#### DESCRIPTION OF THE TASK
In the answer, give the entries below exactly, from the first line through the line with "Farmer Jack's Purina Felix Cat Food offer", with every picture omitted.

>>>

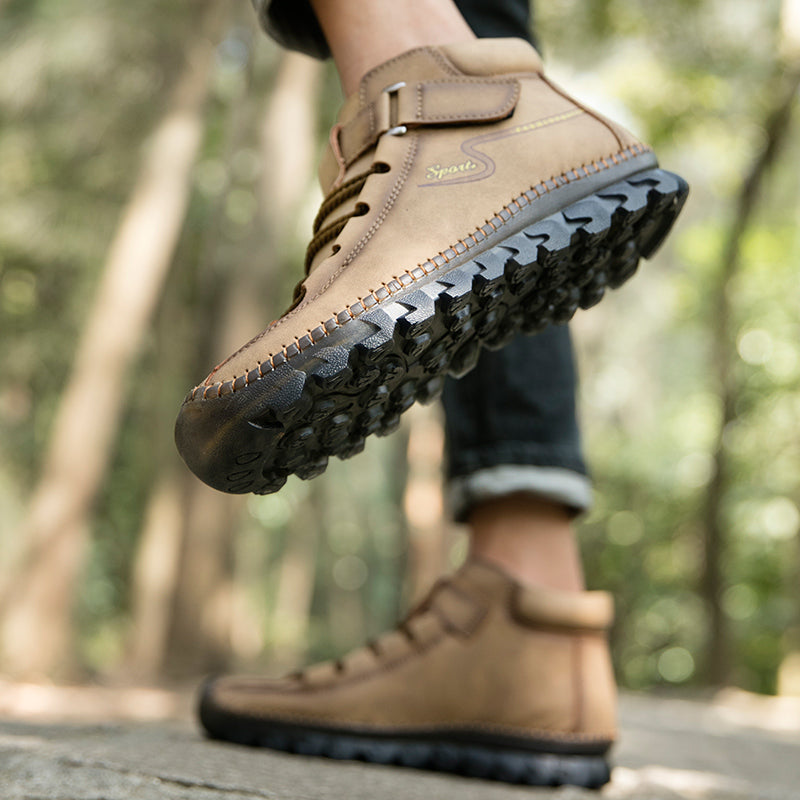 New Men's Ankle Boots Hand Stitching Western Boots Classic Fashion Men's Motorcycle Boots Outdoor Men's Work Boots Big Size12 Rachel 7008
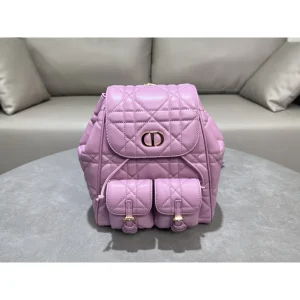 Pink Cannage Quilted Backpack
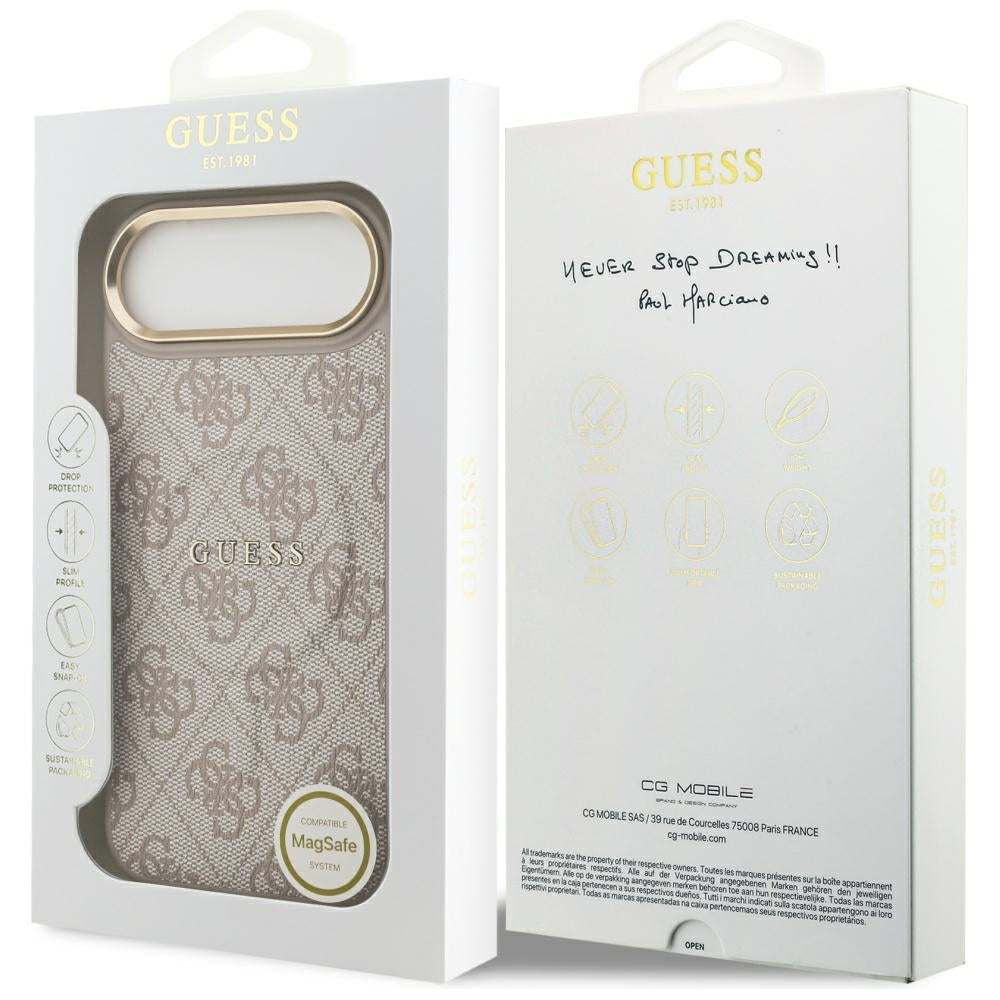 Puzdro MagSafe pre Apple iPhone 17 Air, Guess, 4G Classic, Ružové
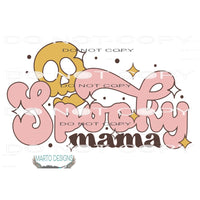 Spooky Mama #6471 Sublimation transfers - Heat Transfer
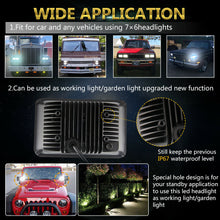4Pcs 4x6" LED Headlight Sealed Hi/Lo Beam Fog Light For Freightliner FLD120 112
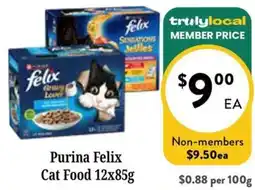 Farmer Jack's Purina Felix Cat Food offer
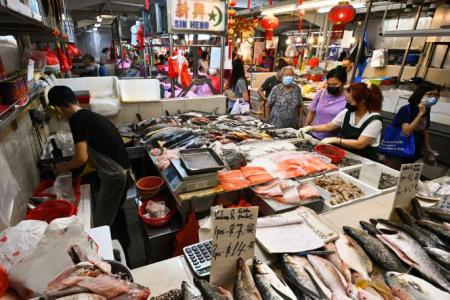 Prices of popular fish double at wet markets ahead of CNY; pomfret going for as high as $100 a kg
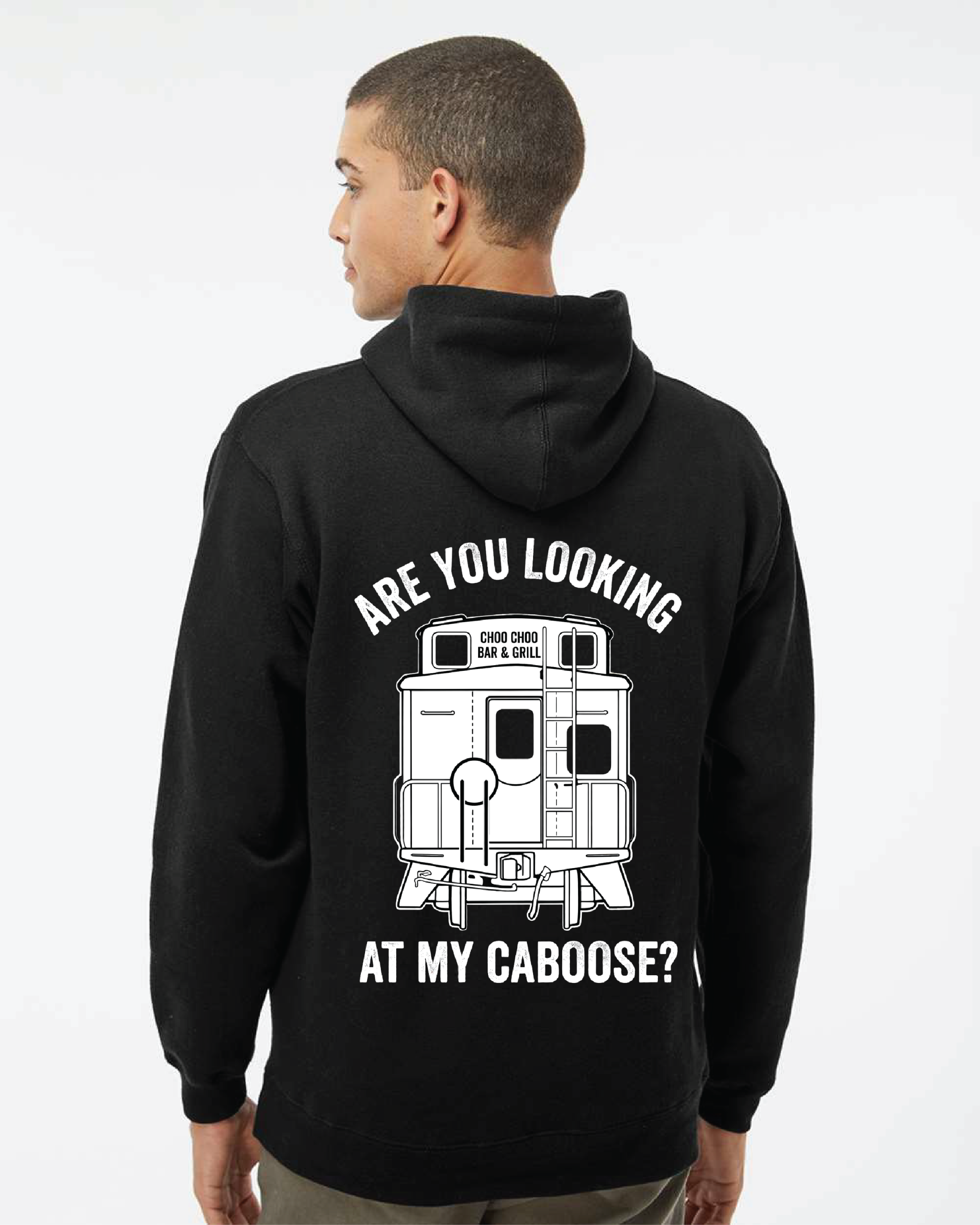 Lookin' at my caboose Premium Hooded Sweatshirt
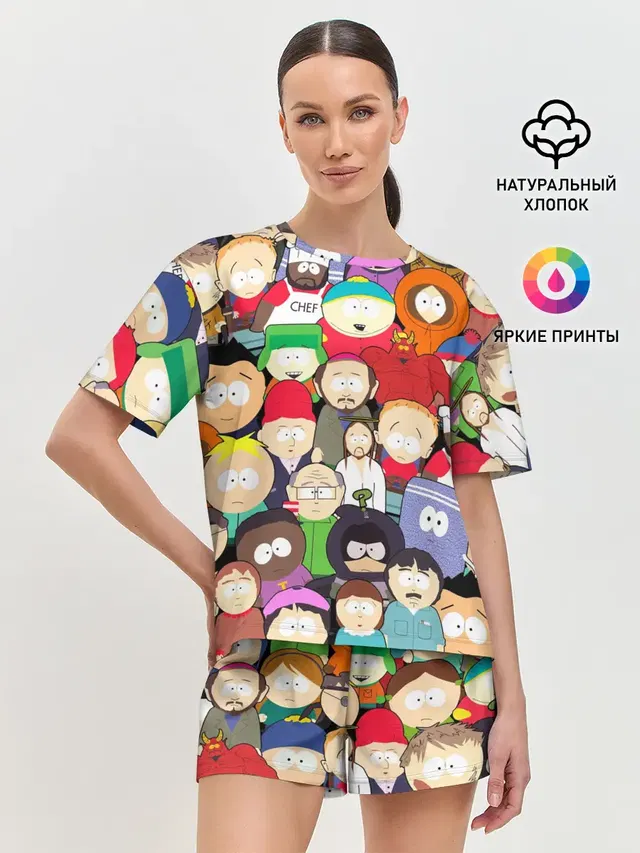 Женская пижама с шортами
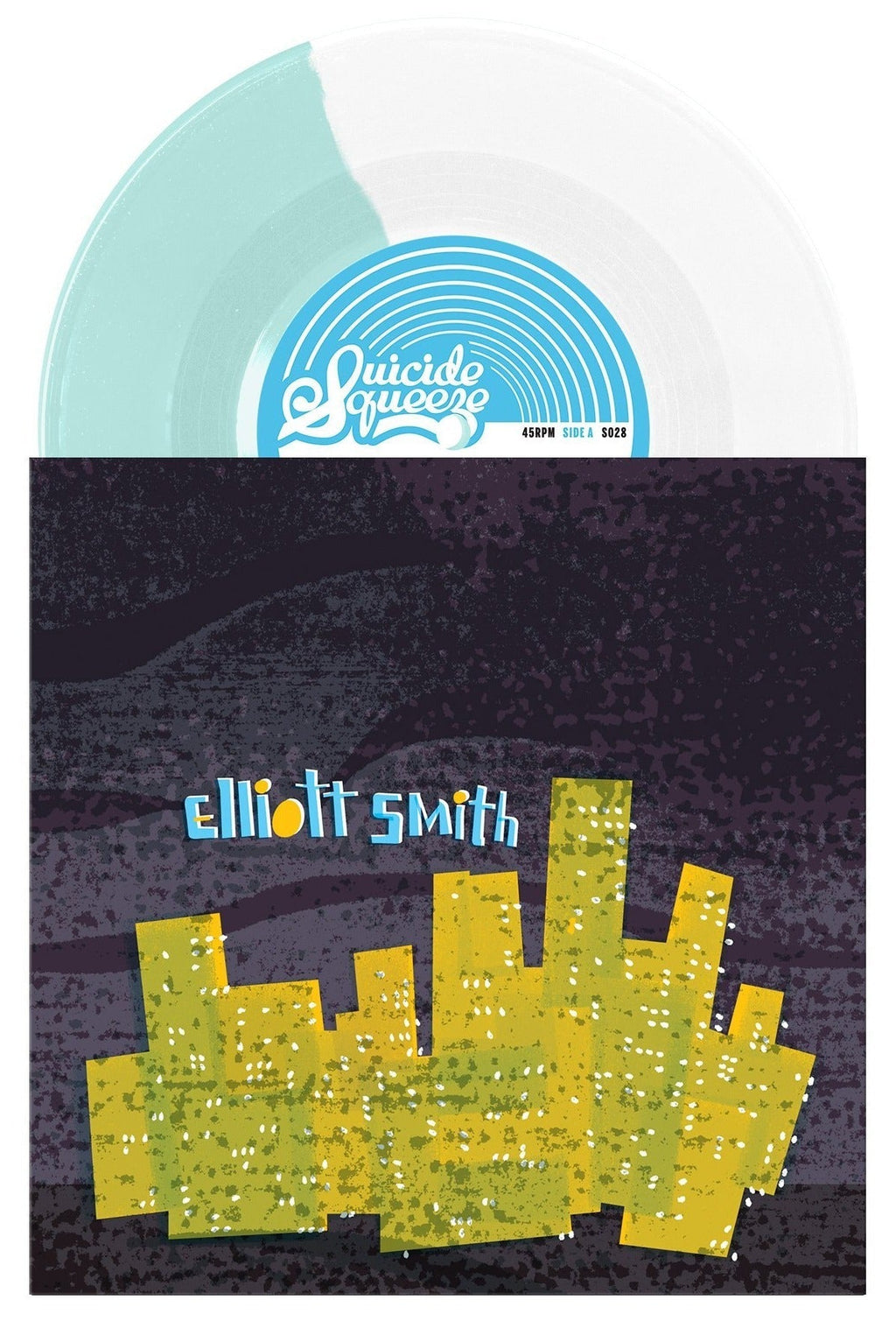 ELLIOTT SMITH 'PRETTY (UGLY BEFORE)' 7" LITD. - WHITE/BLUE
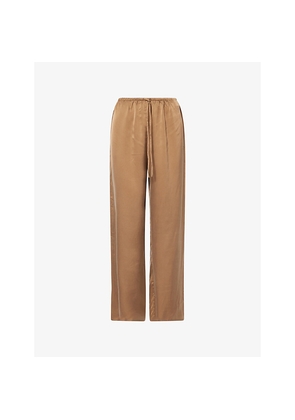 Womens Dissh Percy Wide-Leg Silk Trousers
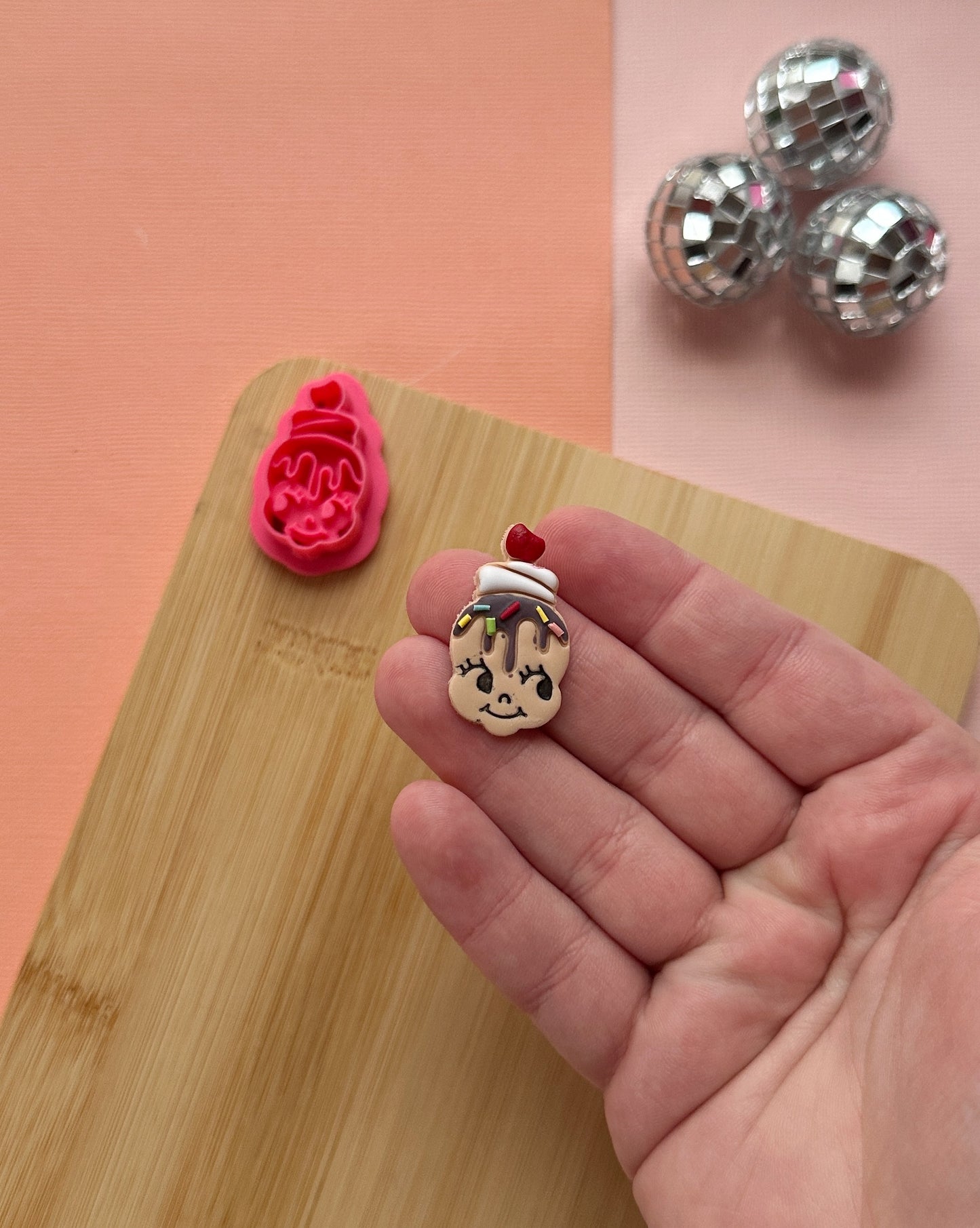 Ice Cream Kewpie Clay Cutter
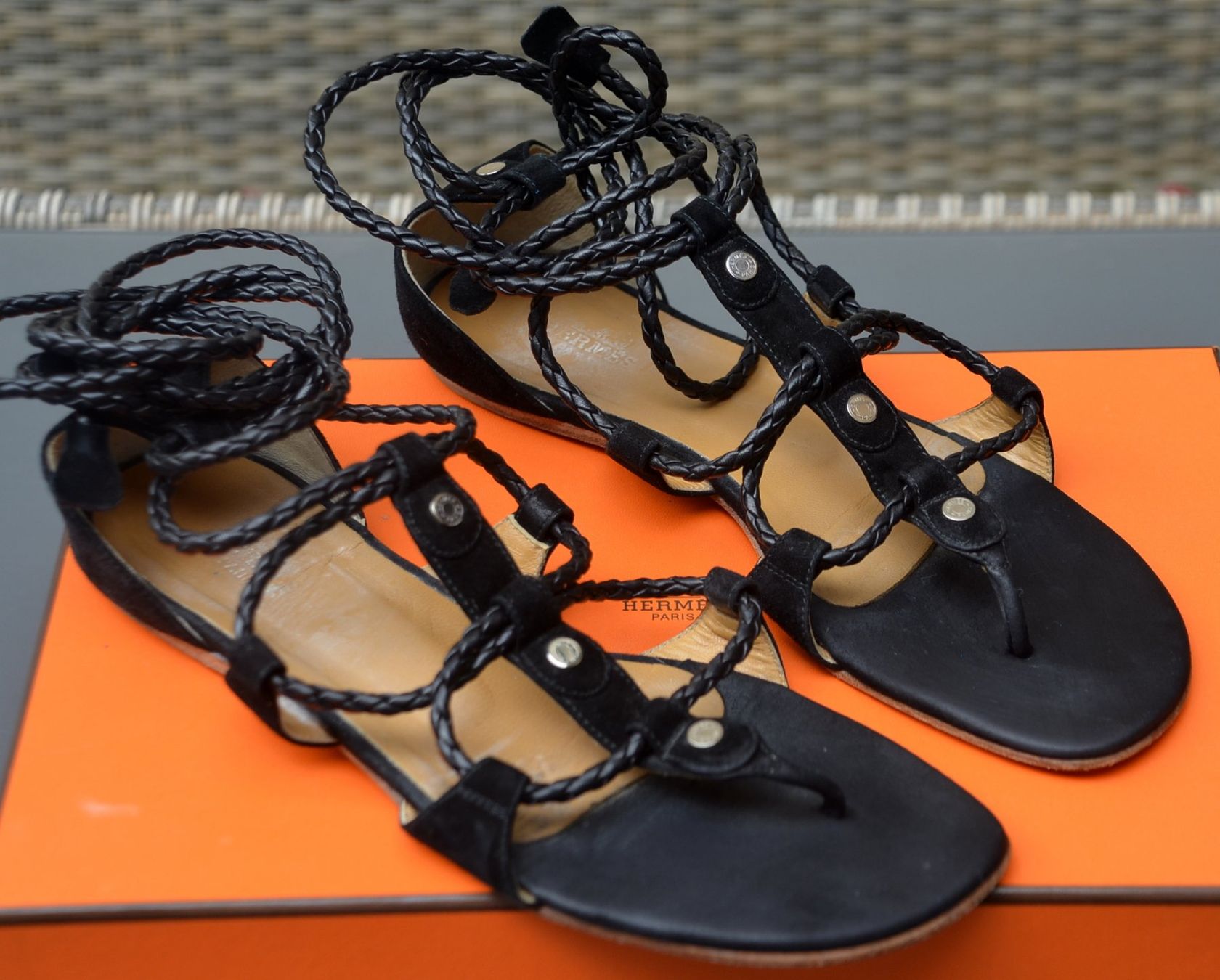 Hermès Scarpe da donna: Hermès Sandalen / sandales .38 – Usato da Collonges venduto da Auganien 3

<<<

#### SOLUTION
 New Men's Ankle Boots Hand Stitching Western Boots Classic Fashion Men's Motorcycle Boots Outdoor Men's Work Boots Big Size12 Rachel 7008
 Pink Cannage Quilted Backpack
 Puzdro MagSafe pre Apple iPhone 17 Air, Guess, 4G Classic, Ružové
 Spooky Mama #6471 Sublimation transfers - Heat Transfer
4Pcs 4x6" LED Headlight Sealed Hi/Lo Beam Fog Light For Freightliner FLD120 112
 Farmer Jack's Purina Felix Cat Food offer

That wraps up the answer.